# Dawes Saratoga Ladies Elite or Ridgeback MXK Open Frame?



## heritageboy (25 Mar 2009)

Greetings, first post on here.

Wife's b'day in a couple of weeks and I'd like to get her a new bike. I'm after a comfort/ATB around the £200 mark - I've come across two that tickle my fancy: 

Dawes Saratoga Elite 2008 16" - £231.90 all-in, Ebay 
Ridgeback MXK Open frame 14.5" - £222.98 all-in, Ebay though I'd need to get her the 17" 

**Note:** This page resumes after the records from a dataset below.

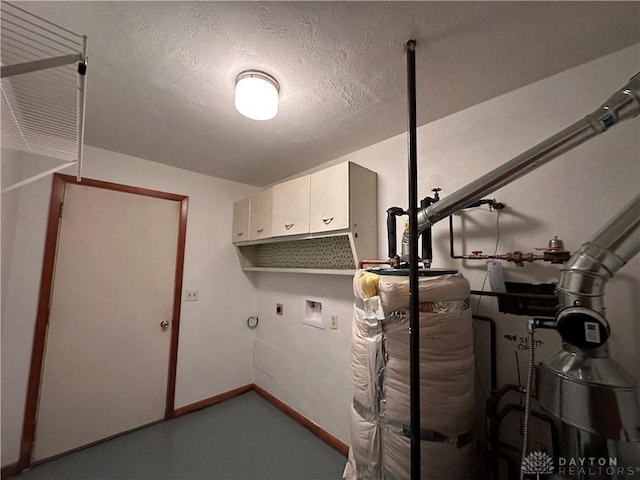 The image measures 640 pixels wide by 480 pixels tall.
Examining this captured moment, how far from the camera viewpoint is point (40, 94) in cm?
115

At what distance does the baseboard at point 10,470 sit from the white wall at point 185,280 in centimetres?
4

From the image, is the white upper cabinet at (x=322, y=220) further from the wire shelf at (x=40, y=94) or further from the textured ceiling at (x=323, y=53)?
the wire shelf at (x=40, y=94)

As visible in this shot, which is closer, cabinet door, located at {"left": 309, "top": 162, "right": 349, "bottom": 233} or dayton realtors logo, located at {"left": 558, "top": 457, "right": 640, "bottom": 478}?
dayton realtors logo, located at {"left": 558, "top": 457, "right": 640, "bottom": 478}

The Dawes has a better transmission (Alivio) than the MXK's (Altus) though I read the MXK is super-comfy. I worry that the Saratoga will be too heavy at 15.4kg but can't find a weight anywhere for the MXK. I like the fact that the Dawes comes with mudguards/stand and that she's got on well with the Saratoga as that's what our local bike hire place uses. Bike will be used for gentle cycling with me (pulling tot in trailer behind Orange Evo) on tracks in the Forest of Dean. 

Any advice gratefully rec'd!


----------



## Angelfishsolo (26 Mar 2009)

If I were buying the bike I would go for the Dawes hands down. It is a better spec bike and as you have stated...........


heritageboy said:


> I like the fact that the Dawes comes with mudguards/stand and that she's got on well with the Saratoga as that's what our local bike hire place uses.



I think you have answered your own question.

I hope your good lady wife has a great Birthday BTW.


----------



## summerdays (26 Mar 2009)

I have the Dawes Saratoga - after using it at the Forest of Dean... its not the lightest of bikes but you know it will stand up to the tracks there. Mine is older and didn't come with mud-guards though I later fitted them. Other than chain, tyre change to puncture resistant marathons and changing brake blocks the only other thing that has gone wrong on that bike was the spring in the brake arms. 

Have to admit its now my second bike (went for disk brakes and no suspension on the newer bike).


----------